While in Canada, we have not seen any major political party use generative AI in their campaign advertisements, AI adoption could become a driving factor in political campaigns in the future. While third-party advertisers in Canada have begun leveraging AI, our political parties have not to any noticeable degree.
As we look to the future, how will AI be used? Campaigns could use AI for volunteer phone banking, which could increase output and accuracy. Campaigns could use generative AI to create video or photo images, reducing production costs and centralized content creation. Campaigns could use in-house AI tools to develop more comprehensive voter profiles with the data they collect at the doors and through online activity.
While there are endless benefits of future AI use in campaigns, fears of deep fakes and AI images created to spread disinformation are also causes for concern. For example, this past summer, there was a deepfake of then-finance minister Chrystia Freeland advocating for Canadians to register for a new investment platform. A similar situation happened to former Prime Minister Justin Trudeau.

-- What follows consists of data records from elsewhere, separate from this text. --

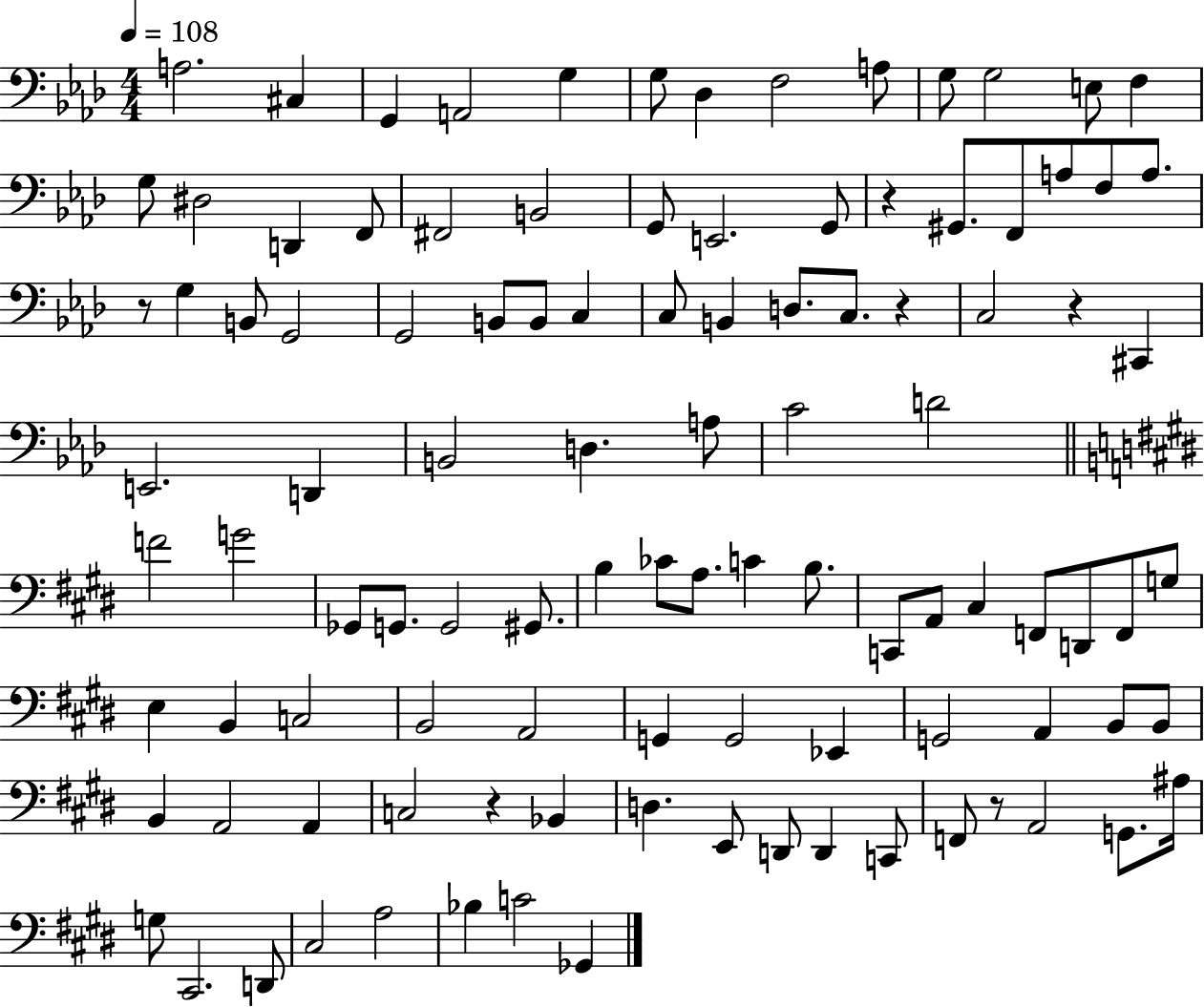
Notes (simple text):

A3/h. C#3/q G2/q A2/h G3/q G3/e Db3/q F3/h A3/e G3/e G3/h E3/e F3/q G3/e D#3/h D2/q F2/e F#2/h B2/h G2/e E2/h. G2/e R/q G#2/e. F2/e A3/e F3/e A3/e. R/e G3/q B2/e G2/h G2/h B2/e B2/e C3/q C3/e B2/q D3/e. C3/e. R/q C3/h R/q C#2/q E2/h. D2/q B2/h D3/q. A3/e C4/h D4/h F4/h G4/h Gb2/e G2/e. G2/h G#2/e. B3/q CES4/e A3/e. C4/q B3/e. C2/e A2/e C#3/q F2/e D2/e F2/e G3/e E3/q B2/q C3/h B2/h A2/h G2/q G2/h Eb2/q G2/h A2/q B2/e B2/e B2/q A2/h A2/q C3/h R/q Bb2/q D3/q. E2/e D2/e D2/q C2/e F2/e R/e A2/h G2/e. A#3/s G3/e C#2/h. D2/e C#3/h A3/h Bb3/q C4/h Gb2/q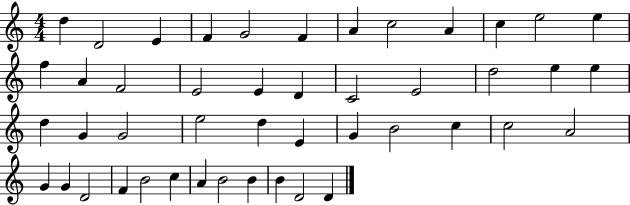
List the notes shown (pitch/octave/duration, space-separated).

D5/q D4/h E4/q F4/q G4/h F4/q A4/q C5/h A4/q C5/q E5/h E5/q F5/q A4/q F4/h E4/h E4/q D4/q C4/h E4/h D5/h E5/q E5/q D5/q G4/q G4/h E5/h D5/q E4/q G4/q B4/h C5/q C5/h A4/h G4/q G4/q D4/h F4/q B4/h C5/q A4/q B4/h B4/q B4/q D4/h D4/q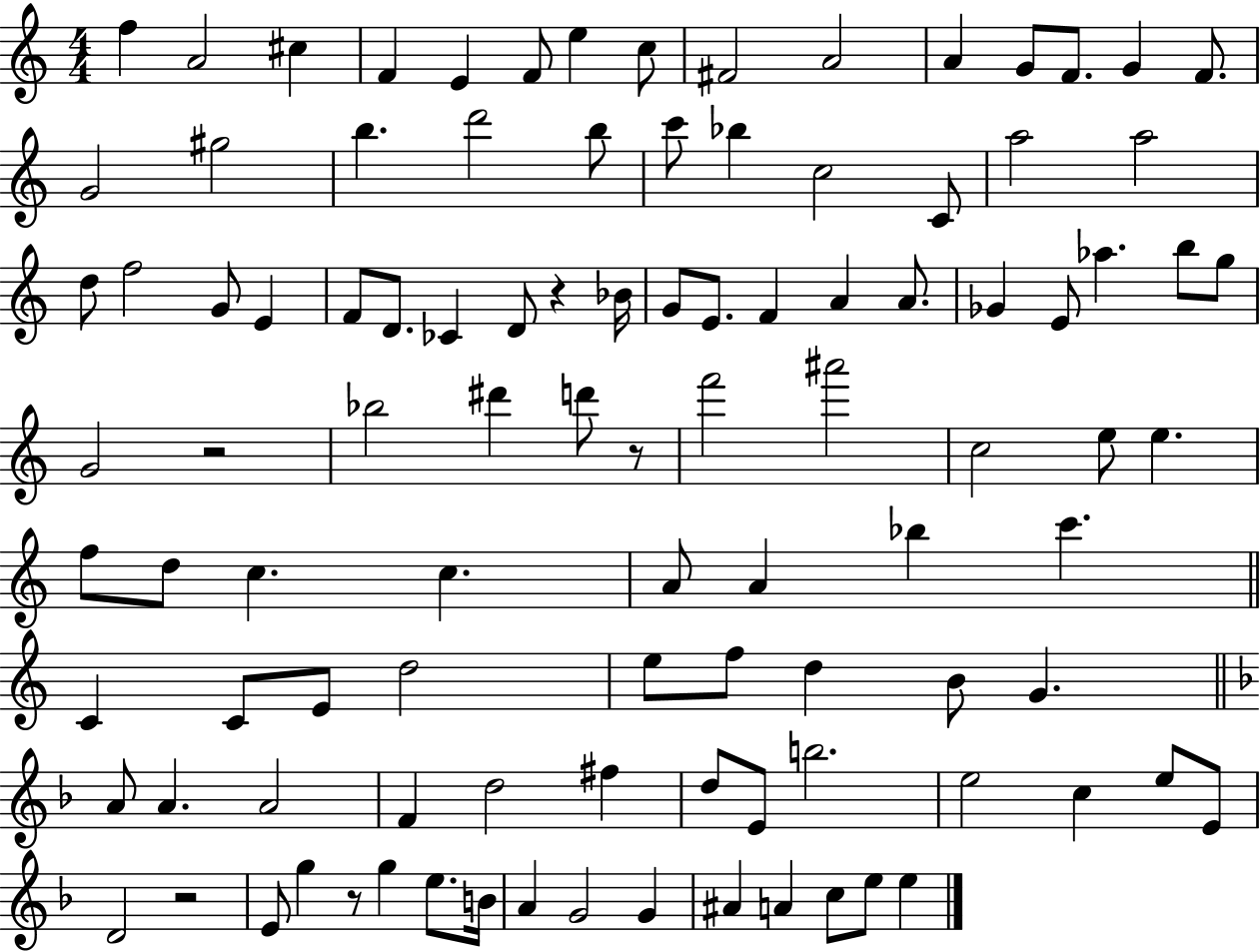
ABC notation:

X:1
T:Untitled
M:4/4
L:1/4
K:C
f A2 ^c F E F/2 e c/2 ^F2 A2 A G/2 F/2 G F/2 G2 ^g2 b d'2 b/2 c'/2 _b c2 C/2 a2 a2 d/2 f2 G/2 E F/2 D/2 _C D/2 z _B/4 G/2 E/2 F A A/2 _G E/2 _a b/2 g/2 G2 z2 _b2 ^d' d'/2 z/2 f'2 ^a'2 c2 e/2 e f/2 d/2 c c A/2 A _b c' C C/2 E/2 d2 e/2 f/2 d B/2 G A/2 A A2 F d2 ^f d/2 E/2 b2 e2 c e/2 E/2 D2 z2 E/2 g z/2 g e/2 B/4 A G2 G ^A A c/2 e/2 e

As we observe the first wave of AI in a Canadian federal election, we should note that this technology is here to stay and will become even more advanced by the next election. Political campaigns leveraging these tools will have the edge, but debates on how these AI tools are used should continue between elections.

An honor guard marches in formation with U.S. and Canadian flags after the arrival of Canadian Prime Minister Justin Trudeau Monday, July 8, 2024, at Andrews Air Force Base, Md., to attend the NATO summit in Washington. Mark Schiefelbein/AP Photo.
Best friends forever?
By Joanne Archibald, a PhD candidate in History at Queen’s University
The patriotic Canadian reaction to the chaos of the Trump tariffs is one thing. But what is missing from the discourse surrounding Canada-U.S. relations is that the close relationship many of us take for granted with our neighbours to the South is only 80 years old.
A quick glance at world history reveals that no political relationship is inevitable. For example, the Auld Alliance between Scotland and France lasted nearly 300 years, the Dual Alliance between Austria-Hungary and Germany lasted 39 years, and the nearly 100-year-long Franco-Mongol alliance crumbled because of the Black Death. Canadians should realize that our U.S. alliance was and is not guaranteed, and, despite geography making us neighbours, most alliances do have an expiration date.
Historians debate when exactly a closer Canada-U.S. relationship began to develop, but most safely assume it happened in and around the Second World War and rapidly accelerated thereafter. Before then, the relationship had been partially defined by American attempts to invade Canada (for example in Quebec in 1775, the War of 1812, and the Fenian Raids in the 1860s), and by the Canadian fear of American western expansion and manifest destiny ideology, which prompted a sense of urgency surrounding Canadian Confederation in 1867.
Then, in 1954, Louis St. Laurent, the 12th prime minister of Canada, gave a speech to Rensselaer Polytechnic Institute in Albany, New York:
“It would, I believe, be a mistake to think that the good relations between the United States and Canada are the inevitable result of circumstance; or that they do not need to be cherished, if they are to persist.”
St. Laurent, who cemented a strong, post-war relationship with Presidents Harry S. Truman and Dwight D. Eisenhower, highlighted the importance of political leadership. Alliances between nation-states require immense effort from politicians and diplomats, and it is now on Canadian leaders to begin to develop closer ties elsewhere. We’ve done it before—we’ve switched from British pattern military equipment to American pattern after the Korean War, we switched from relying on British naval protection of Canadian territory to joint U.S.-Canada air defence with NORAD, and we switched from relying on British and European imports to American ones.
Ultimately, it is true that even a partnership like the Canada-U.S. alliance is only as strong as its leadership allows it to be. The Canada-U.S. relationship has never and will never be static.